Dataset records: Begin

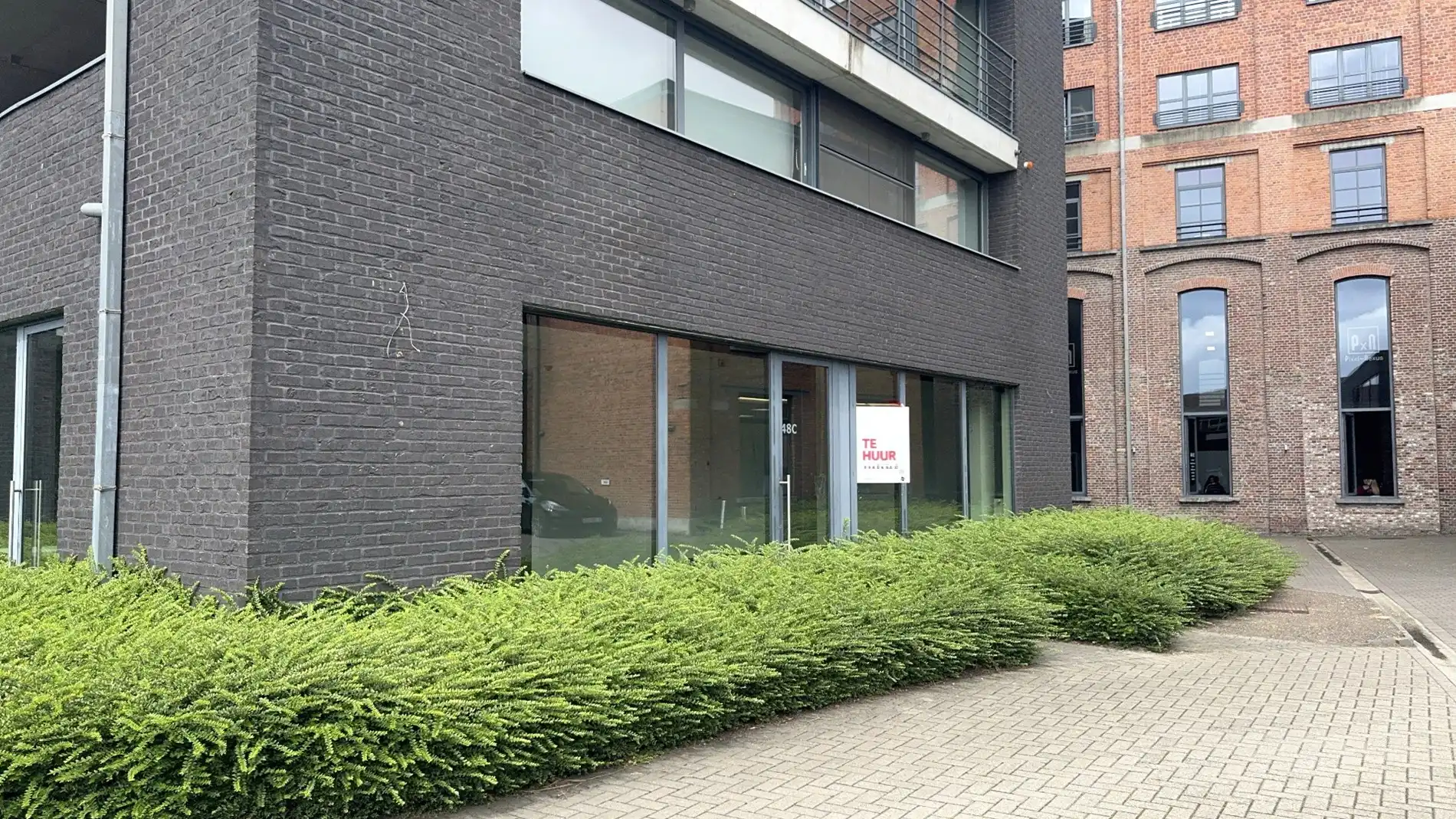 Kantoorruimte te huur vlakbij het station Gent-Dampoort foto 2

Dataset records: End
Dataset records: Begin

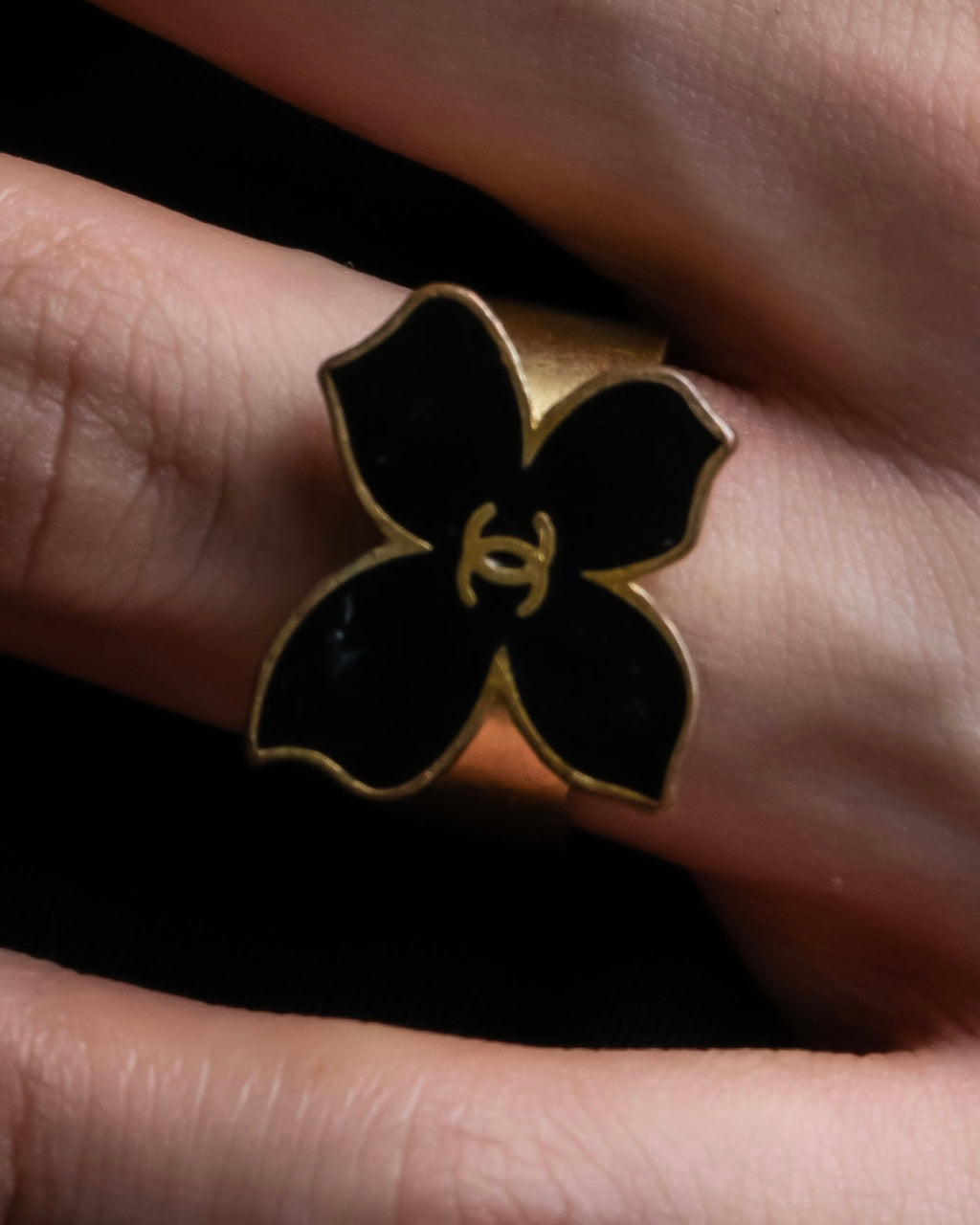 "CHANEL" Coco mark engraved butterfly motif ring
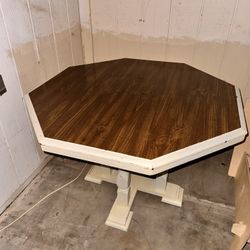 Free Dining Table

Dataset records: End
Dataset records: Begin

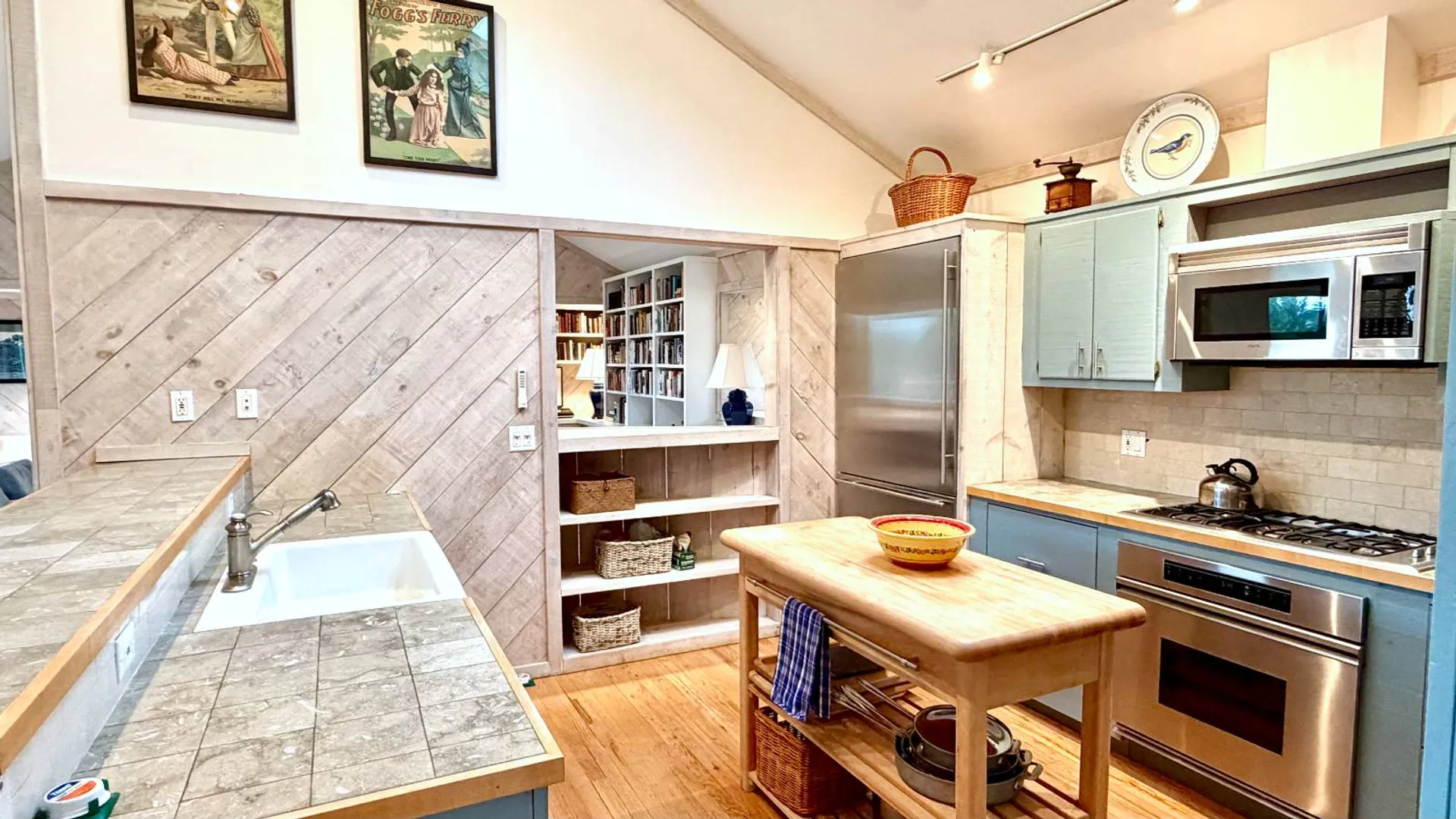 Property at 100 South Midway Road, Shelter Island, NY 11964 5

Dataset records: End

Try it: In the records above, everything from the line with "butterfly motif ring" down to the line with "Free Dining Table" is to be set down exactly, both ends included, with no pictures and no other lines.

Result:
 "CHANEL" Coco mark engraved butterfly motif ring
 Free Dining Table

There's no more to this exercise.